» **Material for the task**:
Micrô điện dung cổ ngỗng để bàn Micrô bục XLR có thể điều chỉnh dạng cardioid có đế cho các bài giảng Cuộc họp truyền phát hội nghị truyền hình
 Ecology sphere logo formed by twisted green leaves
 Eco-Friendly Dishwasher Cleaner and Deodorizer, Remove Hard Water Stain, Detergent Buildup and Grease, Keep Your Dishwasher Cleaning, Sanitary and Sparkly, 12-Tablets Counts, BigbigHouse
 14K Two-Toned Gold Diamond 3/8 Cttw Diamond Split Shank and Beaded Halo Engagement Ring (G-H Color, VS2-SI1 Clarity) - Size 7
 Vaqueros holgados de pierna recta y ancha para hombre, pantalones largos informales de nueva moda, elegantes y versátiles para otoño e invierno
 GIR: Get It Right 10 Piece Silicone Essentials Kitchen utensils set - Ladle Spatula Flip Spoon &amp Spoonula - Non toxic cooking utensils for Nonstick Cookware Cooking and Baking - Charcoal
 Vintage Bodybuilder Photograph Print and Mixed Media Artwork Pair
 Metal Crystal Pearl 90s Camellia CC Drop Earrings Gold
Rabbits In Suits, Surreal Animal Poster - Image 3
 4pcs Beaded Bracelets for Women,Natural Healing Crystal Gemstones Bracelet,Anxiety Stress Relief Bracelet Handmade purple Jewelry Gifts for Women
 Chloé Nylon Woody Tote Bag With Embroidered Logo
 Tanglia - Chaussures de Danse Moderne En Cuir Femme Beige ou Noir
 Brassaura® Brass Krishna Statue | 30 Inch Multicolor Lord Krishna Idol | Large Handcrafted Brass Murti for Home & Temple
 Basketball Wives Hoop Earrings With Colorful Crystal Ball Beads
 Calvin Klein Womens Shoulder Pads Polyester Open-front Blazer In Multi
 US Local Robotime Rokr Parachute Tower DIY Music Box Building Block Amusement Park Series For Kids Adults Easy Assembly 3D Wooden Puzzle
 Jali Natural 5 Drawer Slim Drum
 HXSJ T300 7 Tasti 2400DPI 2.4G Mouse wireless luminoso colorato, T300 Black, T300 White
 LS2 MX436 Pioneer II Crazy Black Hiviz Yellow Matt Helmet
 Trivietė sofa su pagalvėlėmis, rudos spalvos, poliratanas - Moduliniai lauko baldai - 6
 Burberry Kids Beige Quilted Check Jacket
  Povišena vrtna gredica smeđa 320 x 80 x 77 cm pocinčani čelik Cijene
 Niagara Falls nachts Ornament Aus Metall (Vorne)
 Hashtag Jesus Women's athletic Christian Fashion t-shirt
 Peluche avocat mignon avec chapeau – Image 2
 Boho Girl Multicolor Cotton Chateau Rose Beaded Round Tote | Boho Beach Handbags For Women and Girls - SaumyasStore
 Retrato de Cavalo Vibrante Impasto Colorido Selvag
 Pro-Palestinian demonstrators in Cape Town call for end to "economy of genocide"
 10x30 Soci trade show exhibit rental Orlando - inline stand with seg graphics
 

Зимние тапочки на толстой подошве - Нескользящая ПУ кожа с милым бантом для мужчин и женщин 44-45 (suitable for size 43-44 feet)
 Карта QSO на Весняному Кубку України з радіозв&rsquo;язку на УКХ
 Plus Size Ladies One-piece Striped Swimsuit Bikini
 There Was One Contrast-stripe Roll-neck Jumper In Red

» **Task prompt**: An exact, complete copy of the lines above from the one with "Chloé Nylon Woody" through the one with "Hashtag Jesus Women's" is the whole answer.

» **Task solution**:
 Chloé Nylon Woody Tote Bag With Embroidered Logo
 Tanglia - Chaussures de Danse Moderne En Cuir Femme Beige ou Noir
 Brassaura® Brass Krishna Statue | 30 Inch Multicolor Lord Krishna Idol | Large Handcrafted Brass Murti for Home & Temple
 Basketball Wives Hoop Earrings With Colorful Crystal Ball Beads
 Calvin Klein Womens Shoulder Pads Polyester Open-front Blazer In Multi
 US Local Robotime Rokr Parachute Tower DIY Music Box Building Block Amusement Park Series For Kids Adults Easy Assembly 3D Wooden Puzzle
 Jali Natural 5 Drawer Slim Drum
 HXSJ T300 7 Tasti 2400DPI 2.4G Mouse wireless luminoso colorato, T300 Black, T300 White
 LS2 MX436 Pioneer II Crazy Black Hiviz Yellow Matt Helmet
 Trivietė sofa su pagalvėlėmis, rudos spalvos, poliratanas - Moduliniai lauko baldai - 6
 Burberry Kids Beige Quilted Check Jacket
  Povišena vrtna gredica smeđa 320 x 80 x 77 cm pocinčani čelik Cijene
 Niagara Falls nachts Ornament Aus Metall (Vorne)
 Hashtag Jesus Women's athletic Christian Fashion t-shirt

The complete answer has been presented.